When it comes to those savings, Woloson said that there “will probably be more than that” given that the state’s estimate “does not include the tax revenue that would be generated from the over 3,000 jobs” she said would be created by the move.

Despite the purported economic and health benefits that could result from expansion efforts, some Maine Republicans have nevertheless already attempted to undermine the citizen-initiated push to expand access to health care in the state, losing a battle in early September to frame the initiative as “welfare” on the ballot.

Instead, voters will see the following question:

Do you want Maine to expand Medicaid to provide health care coverage for qualified adults under age 65 with incomes at or below 138 percent of the federal poverty level, which in 2017 means $16,643 for a single person and $22,412 for a family of two?

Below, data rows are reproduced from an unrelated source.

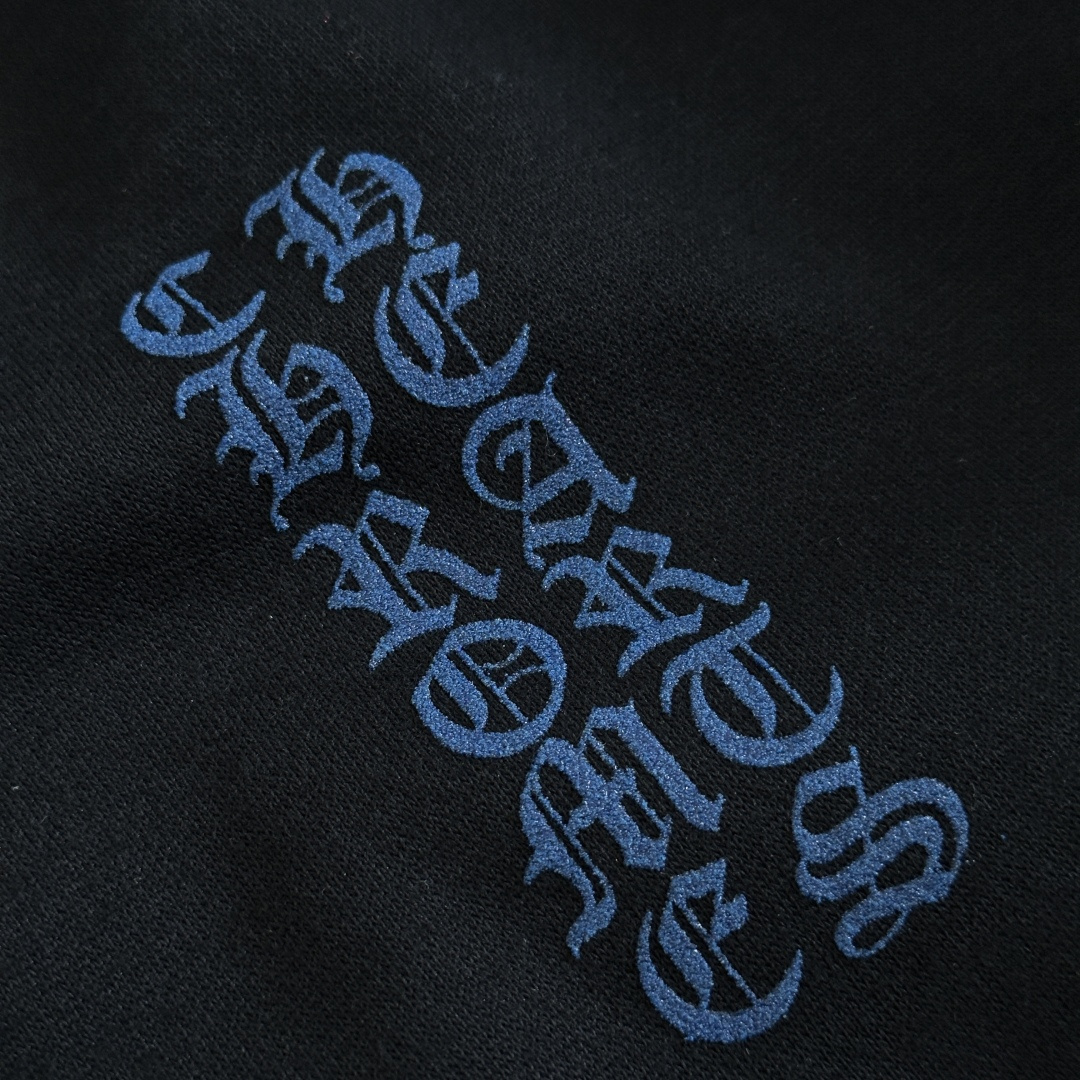 Chrome Hearts 克罗心 蓝色梵文套头连帽卫衣 帽衫 外套 黑色 A5 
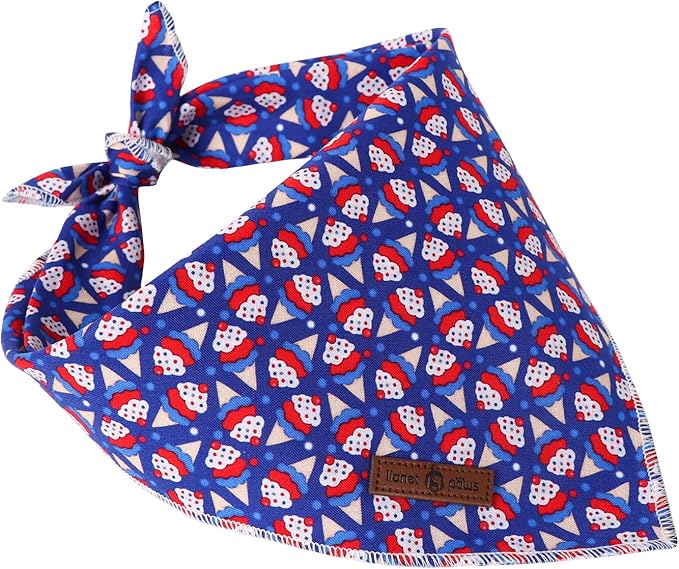 Lionet Paws Cotton Dog Bandanas, Comfortable Blue Red Sundae Dog Bandana Scarf,Birthday Scarves for Medium Large Dogs Pets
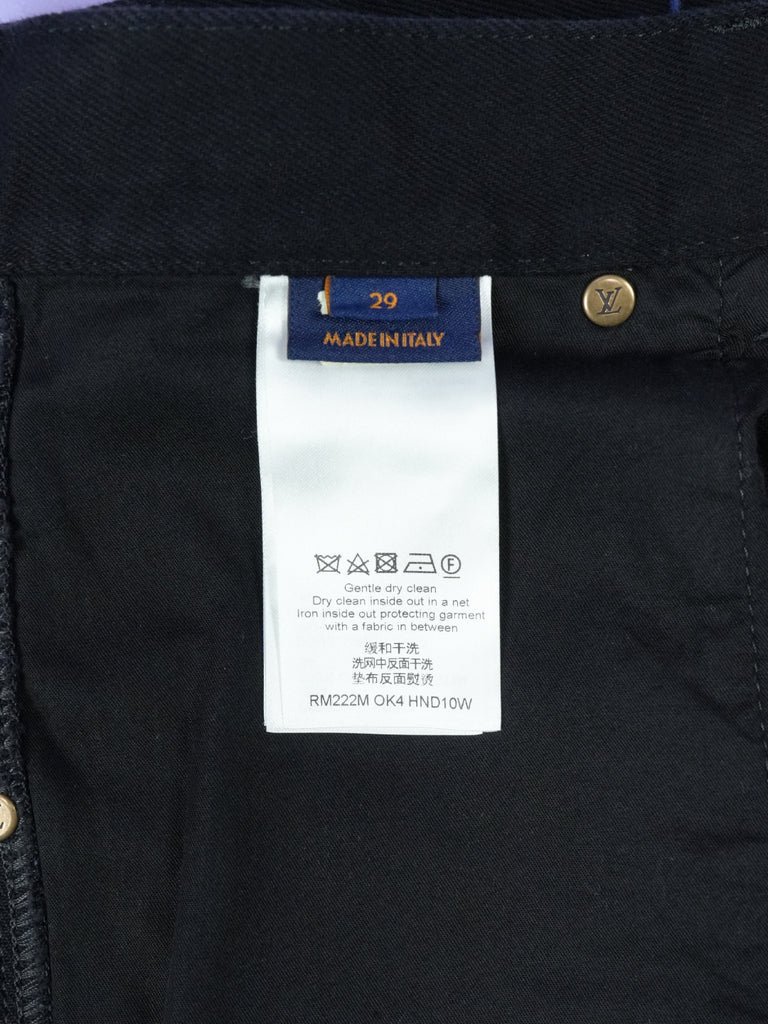 Louis Vuitton Monogram Detail Carpenter Denim Pants Black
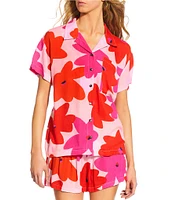 GB Oversize Large Floral Print Button Up Shirt Swim Cover-Up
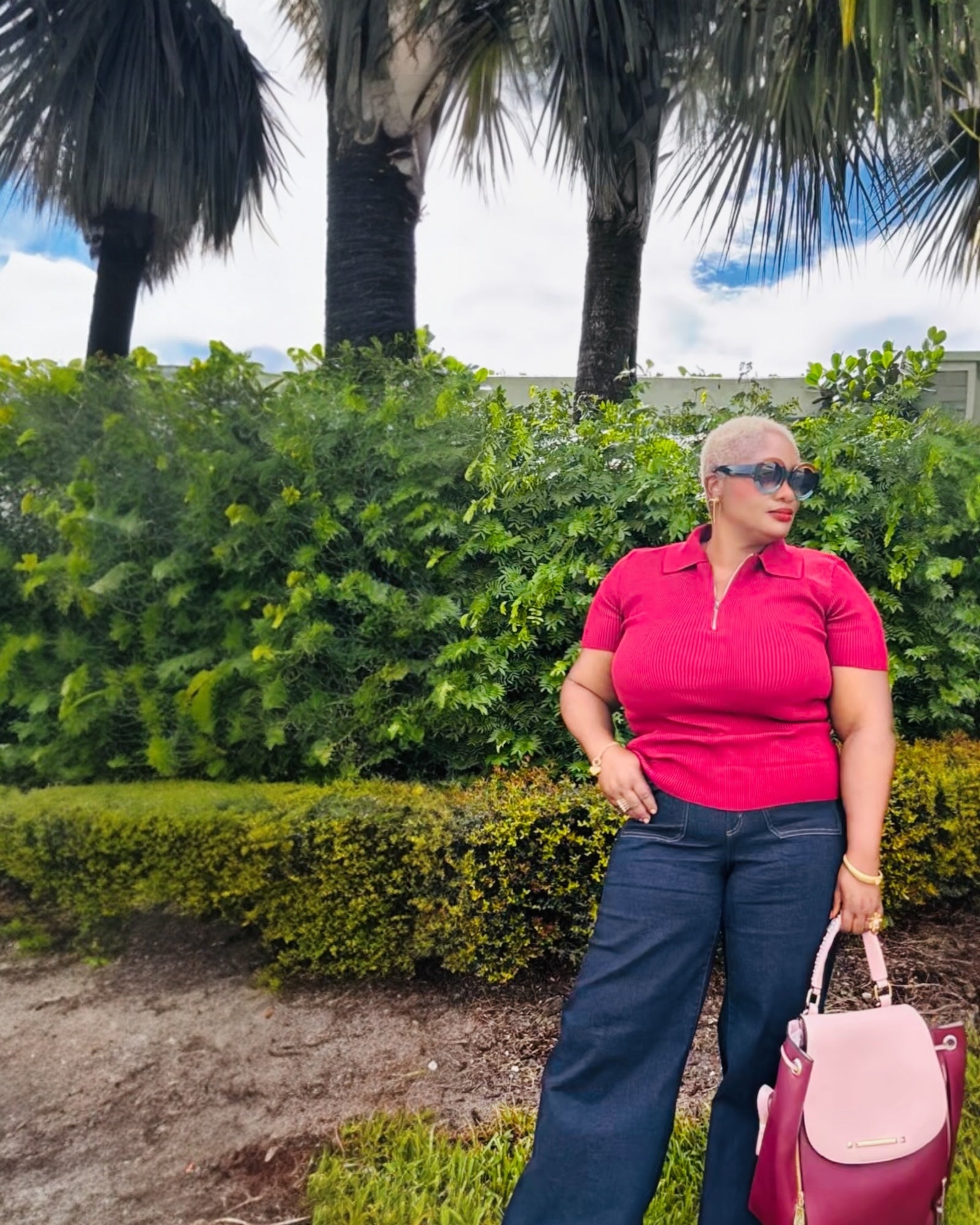 Burgundy Half Zipped Cropped Sweater Knit Top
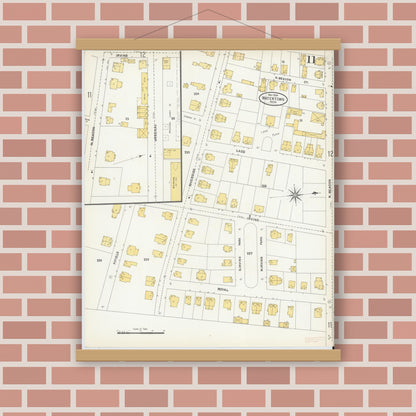 Old map wall art mockup — magnetic wood frame on brick wall — Sanborn Fire Insurance Map from Watertown, Middlesex County, Massachusetts (1904), Sheet #0011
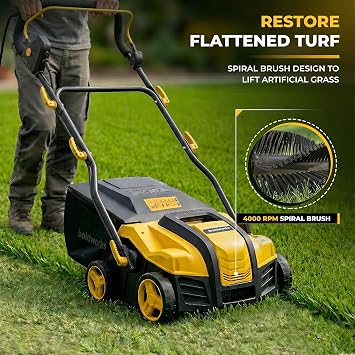 Electric Artificial Grass Sweeper, 40.6 cm, Artificial Grass Sweeper, Vacuum with 45L Collection Bag, 5 Height Adjustment, Foldable Lawn Power Broom for Artificial Grass Cleaning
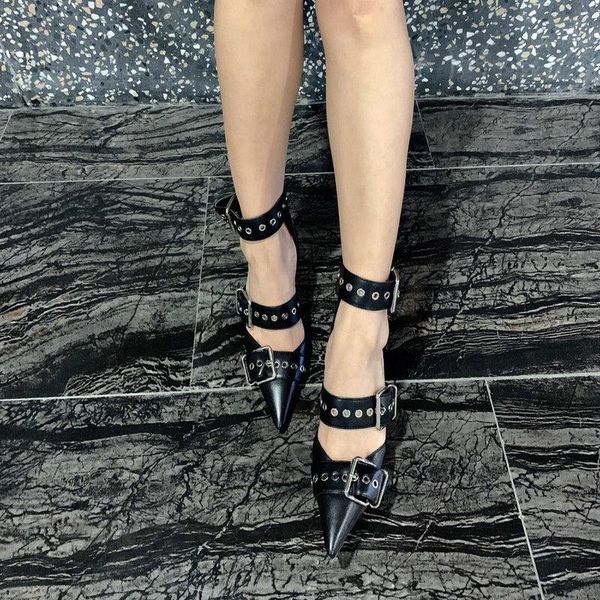 

summer sandals nightclub shoes female pointed high heels stiletto metal buckle roman sexy, Black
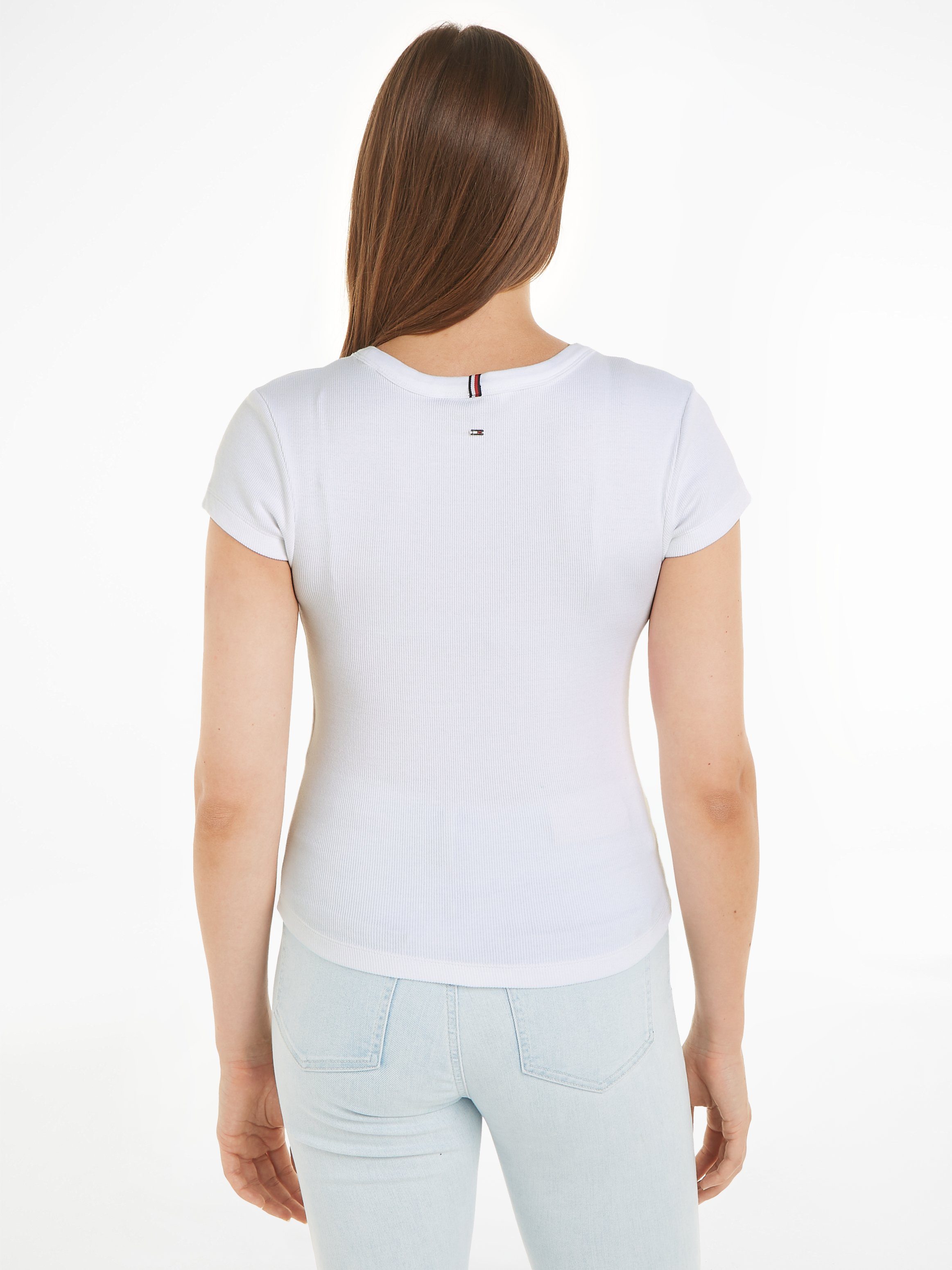 Tommy Hilfiger T-shirt SLIM RIB SCOOP NK CAP SLV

The state’s constitution specifies that the “veto power of the Governor shall not extend to any measure approved by vote of the people,” but that hasn’t stopped LePage’s efforts to halt the initiative’s success. In late August, the Welfare to Work PAC registered with the state’s Commission on Governmental Ethics and Election Practices in opposition to the ballot measure.

LePage is listed as a fundraiser for the political action committee on their registration form. The Welfare to Work PAC did not reply to questions sent by Rewire by the time of publication about how the governor was involved with its efforts.

If Medicaid expansion is favored by voters at the polls in November, it will become law but it will still be “a law like any other one,” Farmer said, “and what that means is that the legislature can always change laws on the books.” However, he noted that the state lawmakers on both sides of the aisle have already voted in favor of such an effort on multiple occasions.

“I think they will make sure it is appropriately implemented once voters say yes,” he said.

CORRECTION: This article has been updated to correct the date of the Maine election.